We have couple of airflow jobs that batch process some DataSets. I wanted to use influxDB to monitor for sudden drops in processed records. Airflow DAGs every 10 minutes saves total number of records processed to influxDB metric and I’ve used current_value / movingAvrage(3) to check for sudden drops.
Currently InfluxDB (Version 2.0.0 (c8af0f3)) do not support custom queries for checks so I had to use InfluxDB API to create them.
My problem is that almost all the time check reports wrong status (ok instead of crit). Here is how it looks like:
[Monitoring results]
Here is my query:
from(bucket: "stage_suggestion_validator")
|> range(start: v.timeRangeStart, stop: v.timeRangeStop)
|> filter(fn: (r) => r["_measurement"] == "content_warehouse_suggestions_filtered")
|> filter(fn: (r) => r["_field"] == "TOTAL")
|> filter(fn: (r) => r["metric"] == "row_counter")

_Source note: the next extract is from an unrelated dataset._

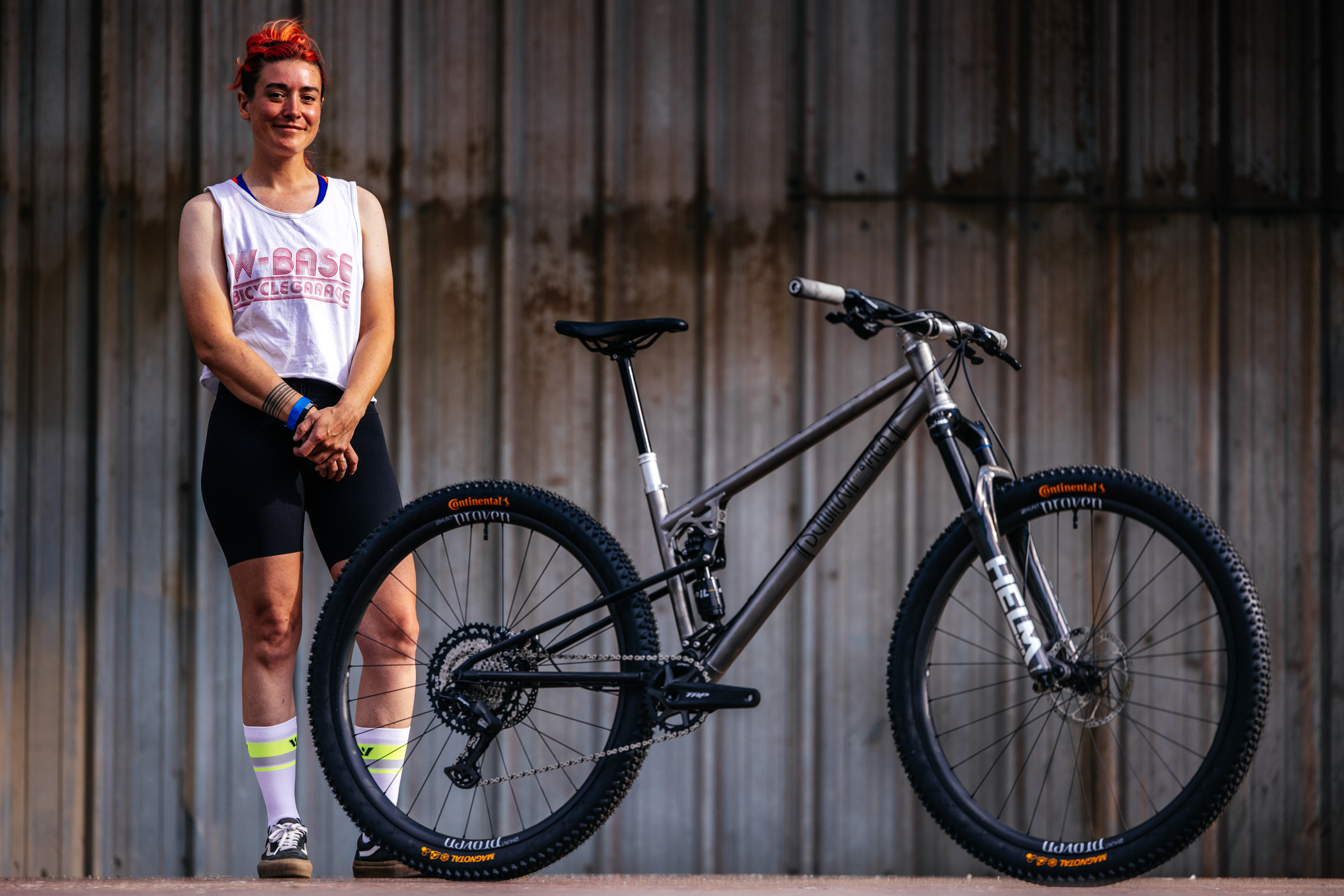 2025 Made Bike Show: Significant Other Ded Reckin Titanium Full Suspension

|> map(fn: (r) => ({ r with currentVal: float(v: r._value) }))
|> movingAverage(n: 3)
|> map(fn: (r) => ({ r with _value:
if r.currentVal > 0 then
if r._value >0 then r.currentVal / r._value * 100.0
else float(v: 100)
else float(v: 0)}))
|> aggregateWindow(every: 5m, fn: last)
|> yield(name: "last")
And payload for API call
{
"name": "Postman upload test - changed",
"ownerID": "06008edf3a770000",
"orgID": "06008edf53370000",
"query": {
"text": "from(bucket: \"stage_suggestion_validator\") |> range(start: v.timeRangeStart, stop: v.timeRangeStop) |> filter(fn: (r) => r[\"_measurement\"] == \"content_warehouse_suggestions_filtered\") |> filter(fn: (r) => r[\"_field\"] == \"TOTAL\") |> filter(fn: (r) => r[\"metric\"] == \"row_counter\") |> map(fn: (r) => ({ r with currentVal: float(v: r._value) })) |> movingAverage(n: 3) |> map(fn: (r) => ({ r with _value: if r.currentVal > 0 then if r._value >0 then r.currentVal / r._value * 100.0 else float(v: 100) else float(v: 0)})) |> aggregateWindow(every: 5m, fn: last) |> yield(name: \"last\")",
"editMode": "advanced",
"name": "",
"builderConfig": {
"buckets": [
"stage_suggestion_validator"
],
"tags": [
{
"key": "_measurement",
"values": [
"content_warehouse_suggestions_filtered"
],
"aggregateFunctionType": "filter"
},
{
"key": "_field",
"values": [
"TOTAL"
],
"aggregateFunctionType": "filter"
},
{
"key": "metric",
"values": [
"row_counter"
],
"aggregateFunctionType": "filter"
},
{
"key": "",
"values": [],
"aggregateFunctionType": "filter"
}
],
"functions": [
{
"name": "last"
}
],
"aggregateWindow": {
"period": "1m"
}
}
},
"statusMessageTemplate": "Check: ${ r._check_name } is: ${ r._level }",
"every": "5m",
"offset": "0s",
"tags": [],
"createdAt": "2020-07-16T15:06:48.874169659Z",
"updatedAt": "2020-07-17T00:20:55.25449393Z",
"thresholds": [
{
"allValues": false,
"level": "CRIT",
"value": 90,
"type": "lesser"
}
],
"type": "threshold",
"labels": []
}
Can someone point me to what I’m doing wrong ?